Dataset excerpts Start Marker

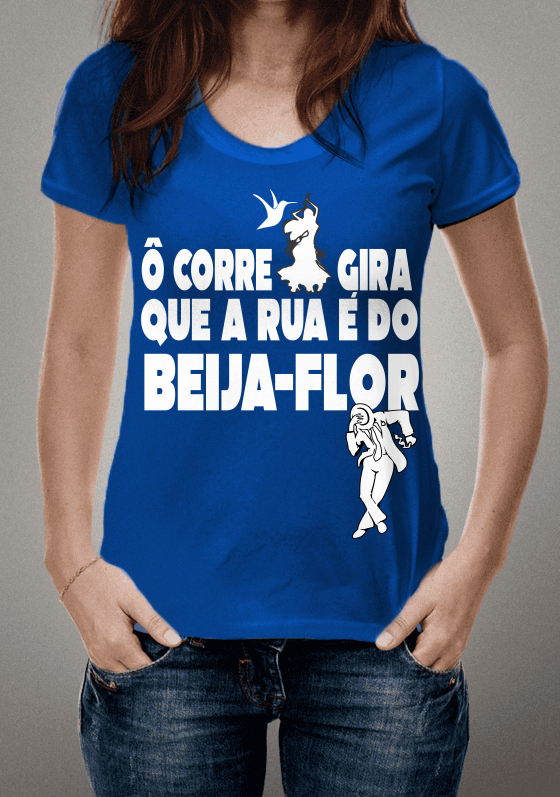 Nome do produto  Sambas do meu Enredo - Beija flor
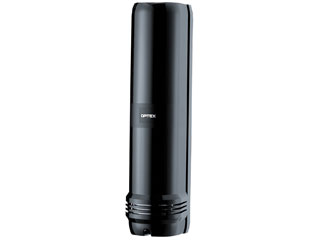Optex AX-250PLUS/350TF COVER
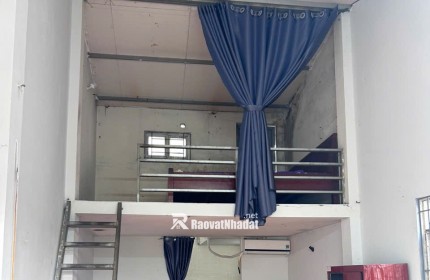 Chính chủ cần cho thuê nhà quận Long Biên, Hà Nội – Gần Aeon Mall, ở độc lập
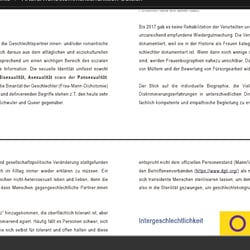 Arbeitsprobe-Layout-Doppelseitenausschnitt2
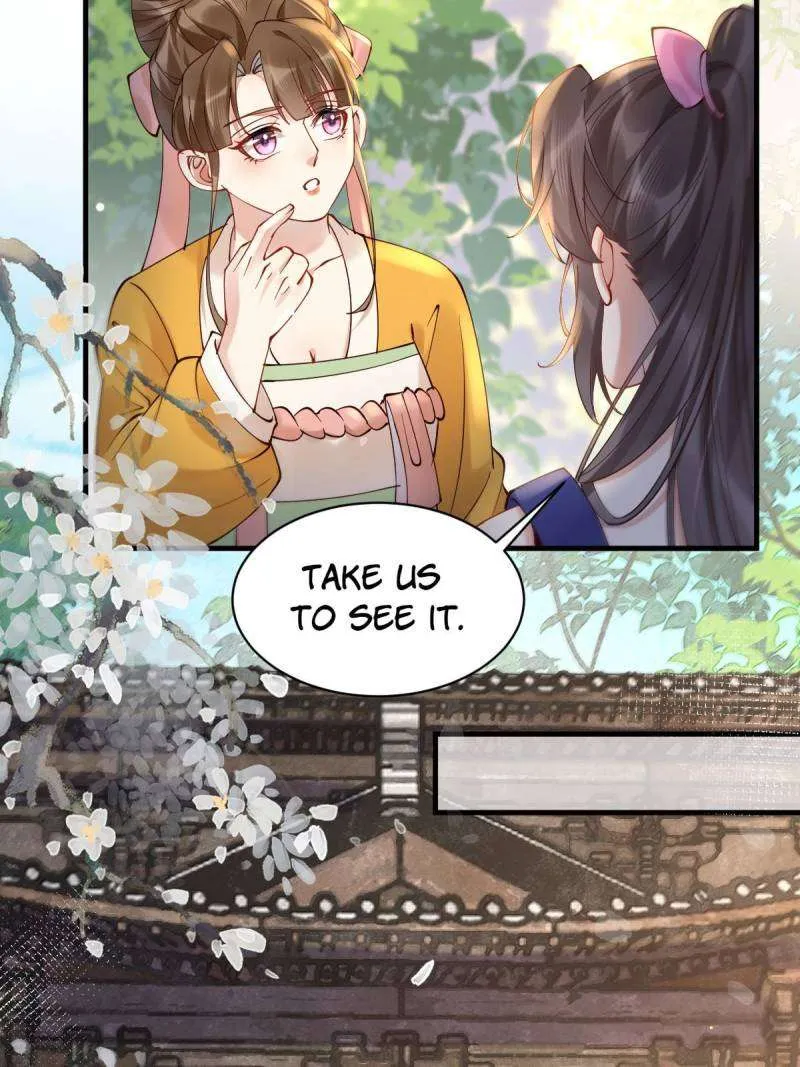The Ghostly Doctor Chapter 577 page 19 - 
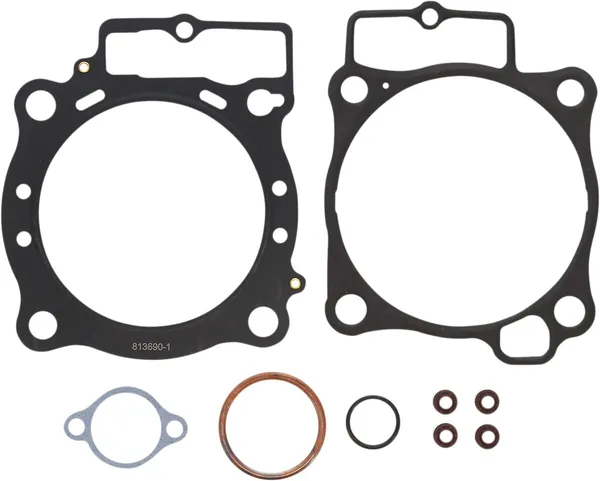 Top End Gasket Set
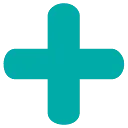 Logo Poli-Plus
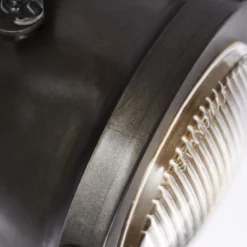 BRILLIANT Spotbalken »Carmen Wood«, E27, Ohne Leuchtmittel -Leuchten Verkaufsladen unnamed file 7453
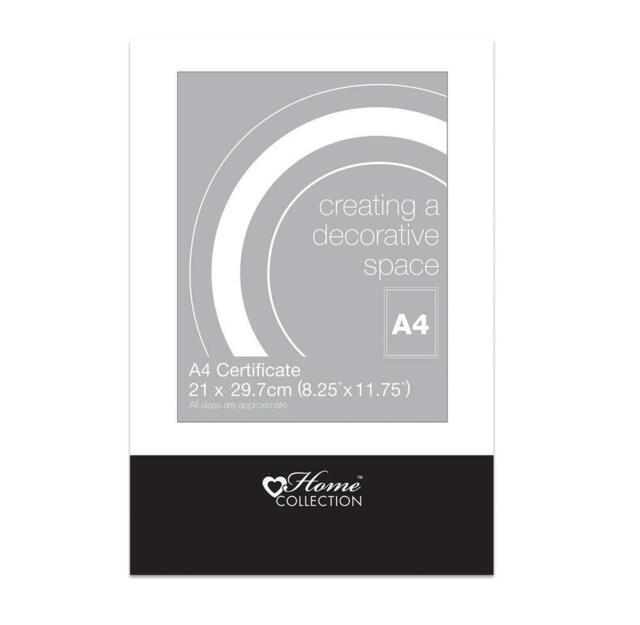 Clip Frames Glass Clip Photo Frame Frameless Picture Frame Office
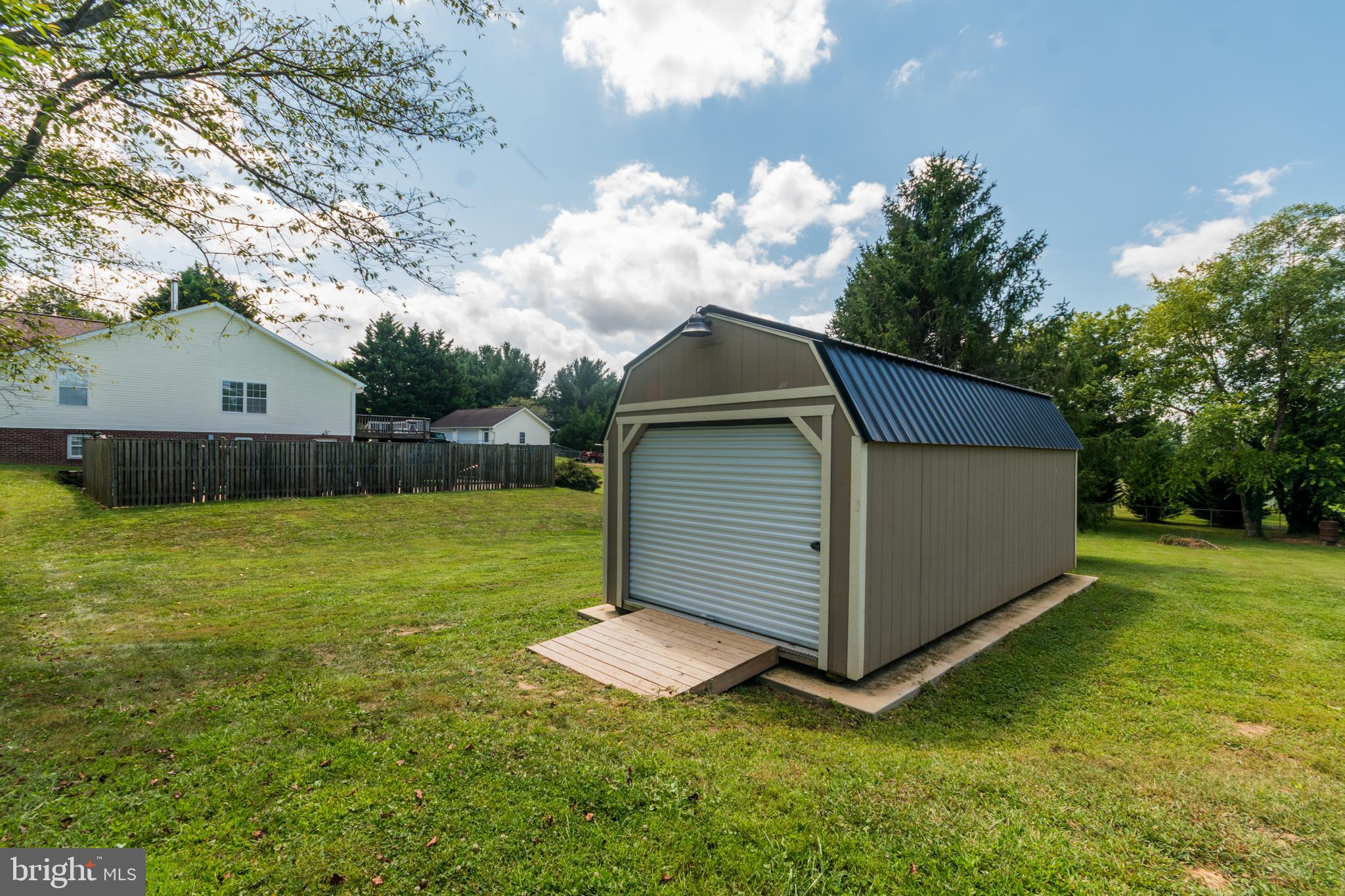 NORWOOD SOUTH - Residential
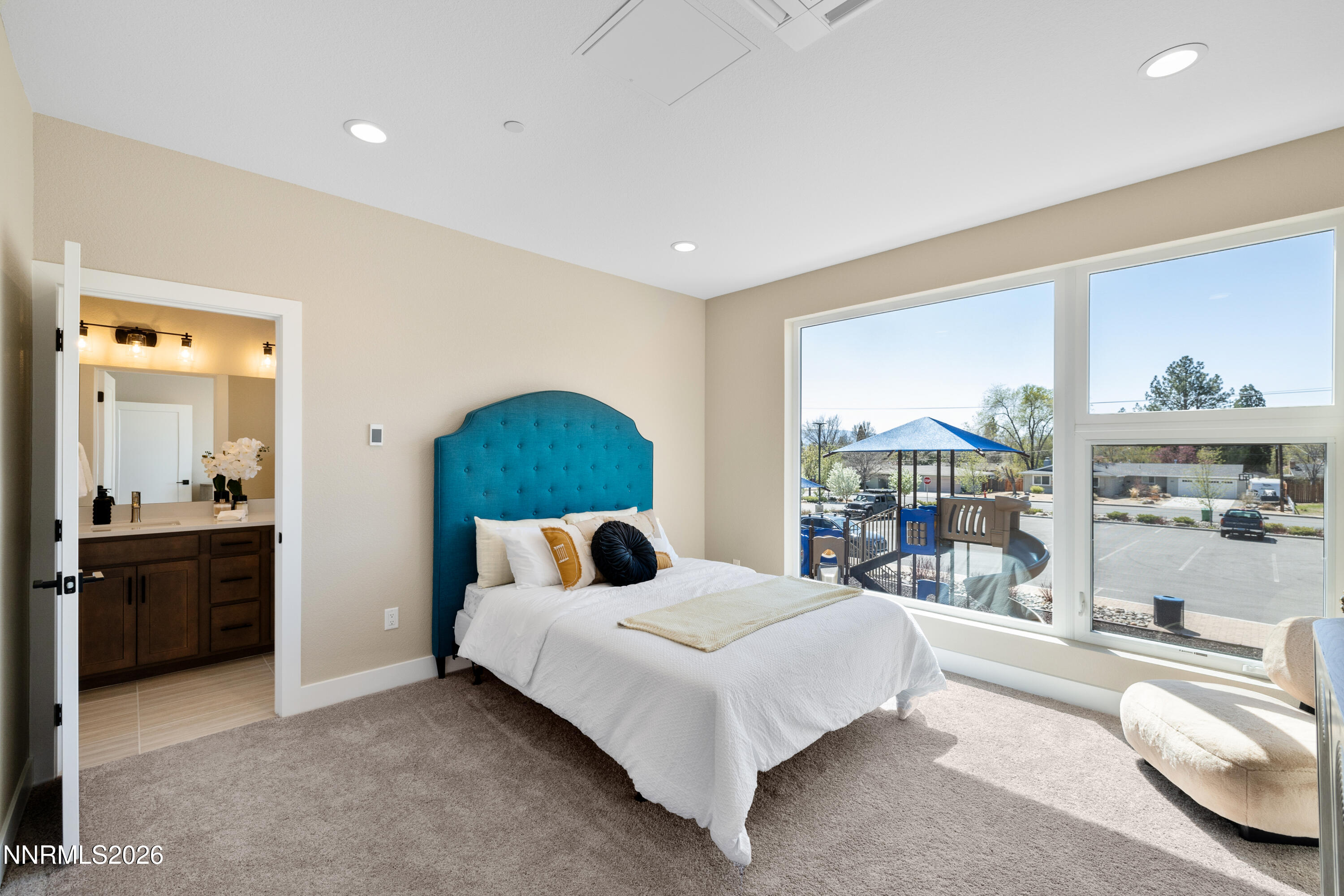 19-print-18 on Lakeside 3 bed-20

Dataset excerpts End Marker

*What this task involves*
Write the data out again word for word; leave the pictures behind.

*Task result*
 Nome do produto  Sambas do meu Enredo - Beija flor
Optex AX-250PLUS/350TF COVER
 Chính chủ cần cho thuê nhà quận Long Biên, Hà Nội – Gần Aeon Mall, ở độc lập
 Arbeitsprobe-Layout-Doppelseitenausschnitt2
The Ghostly Doctor Chapter 577 page 19 - 
 Top End Gasket Set
 Logo Poli-Plus
 BRILLIANT Spotbalken »Carmen Wood«, E27, Ohne Leuchtmittel -Leuchten Verkaufsladen unnamed file 7453
 Clip Frames Glass Clip Photo Frame Frameless Picture Frame Office
 NORWOOD SOUTH - Residential
 19-print-18 on Lakeside 3 bed-20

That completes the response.